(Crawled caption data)

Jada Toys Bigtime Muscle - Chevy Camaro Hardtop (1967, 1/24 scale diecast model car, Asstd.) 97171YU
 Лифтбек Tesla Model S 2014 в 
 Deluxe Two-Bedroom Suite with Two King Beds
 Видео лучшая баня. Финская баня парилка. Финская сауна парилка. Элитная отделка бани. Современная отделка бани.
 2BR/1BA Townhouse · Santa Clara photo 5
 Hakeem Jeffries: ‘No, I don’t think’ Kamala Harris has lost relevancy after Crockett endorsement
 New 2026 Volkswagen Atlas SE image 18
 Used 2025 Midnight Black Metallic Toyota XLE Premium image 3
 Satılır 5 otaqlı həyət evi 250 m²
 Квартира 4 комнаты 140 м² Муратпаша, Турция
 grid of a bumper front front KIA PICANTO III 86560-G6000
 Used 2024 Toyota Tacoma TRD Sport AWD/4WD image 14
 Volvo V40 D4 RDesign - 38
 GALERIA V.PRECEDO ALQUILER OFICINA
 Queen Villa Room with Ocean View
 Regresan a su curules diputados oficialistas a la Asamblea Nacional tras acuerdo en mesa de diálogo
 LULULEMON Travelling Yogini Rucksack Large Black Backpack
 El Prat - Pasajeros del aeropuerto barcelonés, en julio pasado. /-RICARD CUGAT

**WHAT NEEDS TO BE DONE:** Exactly the lines from the one containing "Used 2025 Midnight" through the final line of the records above are needed, copied word for word.

**RESPONSE FOR THIS EXERCISE:**
 Used 2025 Midnight Black Metallic Toyota XLE Premium image 3
 Satılır 5 otaqlı həyət evi 250 m²
 Квартира 4 комнаты 140 м² Муратпаша, Турция
 grid of a bumper front front KIA PICANTO III 86560-G6000
 Used 2024 Toyota Tacoma TRD Sport AWD/4WD image 14
 Volvo V40 D4 RDesign - 38
 GALERIA V.PRECEDO ALQUILER OFICINA
 Queen Villa Room with Ocean View
 Regresan a su curules diputados oficialistas a la Asamblea Nacional tras acuerdo en mesa de diálogo
 LULULEMON Travelling Yogini Rucksack Large Black Backpack
 El Prat - Pasajeros del aeropuerto barcelonés, en julio pasado. /-RICARD CUGAT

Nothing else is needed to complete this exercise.